Records:
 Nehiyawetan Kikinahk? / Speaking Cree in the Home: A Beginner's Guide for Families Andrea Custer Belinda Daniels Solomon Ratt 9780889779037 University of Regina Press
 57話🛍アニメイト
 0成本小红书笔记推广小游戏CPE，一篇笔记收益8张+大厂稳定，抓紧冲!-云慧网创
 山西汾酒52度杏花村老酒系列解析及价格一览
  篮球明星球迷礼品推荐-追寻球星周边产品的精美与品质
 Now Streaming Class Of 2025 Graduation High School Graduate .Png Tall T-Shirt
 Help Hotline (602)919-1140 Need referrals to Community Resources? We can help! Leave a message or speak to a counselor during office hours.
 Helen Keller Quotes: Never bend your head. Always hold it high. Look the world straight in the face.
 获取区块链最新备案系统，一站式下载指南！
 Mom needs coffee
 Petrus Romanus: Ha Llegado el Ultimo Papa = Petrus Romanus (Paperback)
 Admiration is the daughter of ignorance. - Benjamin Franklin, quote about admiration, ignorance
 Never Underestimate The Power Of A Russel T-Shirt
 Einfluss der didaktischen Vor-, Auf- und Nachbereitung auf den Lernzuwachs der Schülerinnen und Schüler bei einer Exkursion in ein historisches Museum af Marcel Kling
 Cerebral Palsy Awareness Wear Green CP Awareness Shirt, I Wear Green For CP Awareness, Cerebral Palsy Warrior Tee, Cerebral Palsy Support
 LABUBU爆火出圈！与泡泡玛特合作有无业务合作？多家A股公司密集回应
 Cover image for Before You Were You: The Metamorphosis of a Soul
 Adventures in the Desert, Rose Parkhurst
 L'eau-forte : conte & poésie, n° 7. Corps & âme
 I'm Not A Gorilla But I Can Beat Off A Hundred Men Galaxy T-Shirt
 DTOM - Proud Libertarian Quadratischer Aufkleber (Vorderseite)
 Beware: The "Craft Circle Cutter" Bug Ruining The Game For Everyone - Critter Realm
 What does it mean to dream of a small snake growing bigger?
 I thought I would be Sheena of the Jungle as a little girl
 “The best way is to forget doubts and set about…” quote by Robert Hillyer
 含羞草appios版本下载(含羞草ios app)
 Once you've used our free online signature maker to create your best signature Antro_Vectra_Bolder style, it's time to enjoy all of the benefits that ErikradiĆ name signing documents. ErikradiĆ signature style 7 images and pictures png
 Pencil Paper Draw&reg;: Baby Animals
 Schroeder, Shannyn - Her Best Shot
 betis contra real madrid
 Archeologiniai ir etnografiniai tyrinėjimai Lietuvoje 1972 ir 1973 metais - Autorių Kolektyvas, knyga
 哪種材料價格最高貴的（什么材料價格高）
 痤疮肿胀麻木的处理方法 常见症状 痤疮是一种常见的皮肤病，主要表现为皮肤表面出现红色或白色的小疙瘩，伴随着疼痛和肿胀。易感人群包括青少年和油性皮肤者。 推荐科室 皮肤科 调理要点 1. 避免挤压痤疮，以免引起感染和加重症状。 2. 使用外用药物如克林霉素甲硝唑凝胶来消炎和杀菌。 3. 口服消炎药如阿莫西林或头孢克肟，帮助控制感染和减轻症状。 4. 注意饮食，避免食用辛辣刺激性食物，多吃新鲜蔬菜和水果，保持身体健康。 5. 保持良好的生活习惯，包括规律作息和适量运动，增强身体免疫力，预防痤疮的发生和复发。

Work task: Scan the listing and copy every line where the string "Shirt" shows up.

Result of the task:
 Now Streaming Class Of 2025 Graduation High School Graduate .Png Tall T-Shirt
 Never Underestimate The Power Of A Russel T-Shirt
 Cerebral Palsy Awareness Wear Green CP Awareness Shirt, I Wear Green For CP Awareness, Cerebral Palsy Warrior Tee, Cerebral Palsy Support
 I'm Not A Gorilla But I Can Beat Off A Hundred Men Galaxy T-Shirt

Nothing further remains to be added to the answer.